Le Luxembourg figure dans le peloton de tête des pays les plus généreux en matière d’aide publique au développement, avec une contribution de 0,95% de son PIB. «Le Grand-Duché consacre 19 millions d’euros au projet AFR/017(Afrique/017) qui a commencé en 2008 et court sur cinq ans. Ce projet consiste à renforcer le secteur de la microfinance dans huit pays de l’Union Economique et Monétaire Ouest-Africaine (UEMOA)», explique Nathalie Close, senior manager chez PwC Luxembourg. Le cabinet participe à ce projet en fournissant un appui technique aux IMF et en mettant en place un guide méthodologique d’audit interne et externe.
45% des encours au Luxembourg
Autre exemple de l’implication des autorités luxembourgeoises: dans sa proposition de budget 2010, le gouvernement a prévu l’exemption de la taxe d’abonnement pour les fonds d’investissement en microfinance, également connus sous l’acronyme VIM (véhicules d’investissement en microfinance). De quoi renforcer encore la position de la Place sur cette niche, alors que, selon l’Alfi, «45% des encours des VIM identifiés au niveau mondial sont basés au Luxembourg». «Le cadre réglementaire en vigueur au Luxembourg permet aux fonds de détenir des prêts, ce qui n’est pas le cas dans certains pays comme la France», explique Valérie Arnold, associée chez PwC Luxembourg.

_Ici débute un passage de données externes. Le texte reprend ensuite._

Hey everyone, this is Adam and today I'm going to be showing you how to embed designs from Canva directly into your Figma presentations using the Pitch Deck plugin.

Mais si le Luxembourg peut être fier des effets bénéfiques de sa générosité dans les pays du sud, il n’est pas certain que ce positionnement génère des retombées économiques sur la Place. Certes, le potentiel de croissance des fonds demeure intact en raison de l’engouement des investisseurs. «De 2005 à 2009, les actifs sous gestion des VIM sont passés de 700 millions à 4 milliards d’euros. Certaines études anticipent une progression à 10 milliards d’euros d’ici à 2015», note Valérie Arnold. On reste malgré tout très loin des 1.700 milliards d’encours total des fonds luxembourgeois.

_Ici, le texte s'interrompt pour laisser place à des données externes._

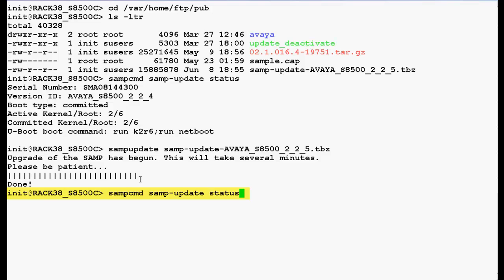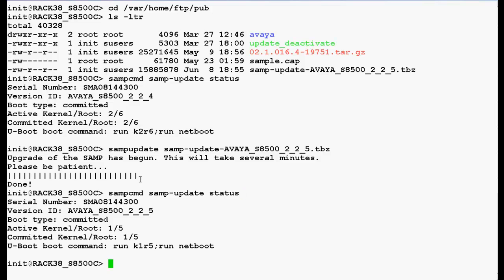Now use this command — SAMPCMD SAMP-update status — to check the new version of the SAMP and press enter. In the output you can see that the new version ID of the SAMP is avaya_s8500_2_2_5.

Surtout, cette activité crée peu d’emplois. En tenant compte de l’ensemble des acteurs impliqués sur la Place (ministère, Luxflag, Plate-forme européenne de microfinance, cabinets de conseil...), le secteur n’occupe aujourd’hui qu’une trentaine de personnes au Grand-Duché, dont 20 chez Ada et 6 chez SOS faim, une autre ONG installée à Esch-sur-Alzette. Enfin, comme pour l’industrie des fonds traditionnels, la matière grise est le plus souvent établie à l’étranger. Ainsi, la Sicav luxembourgeoise Dexia Micro-Crédit Fund, un des plus anciens fonds de microfinance, est gérée depuis Genève en Suisse.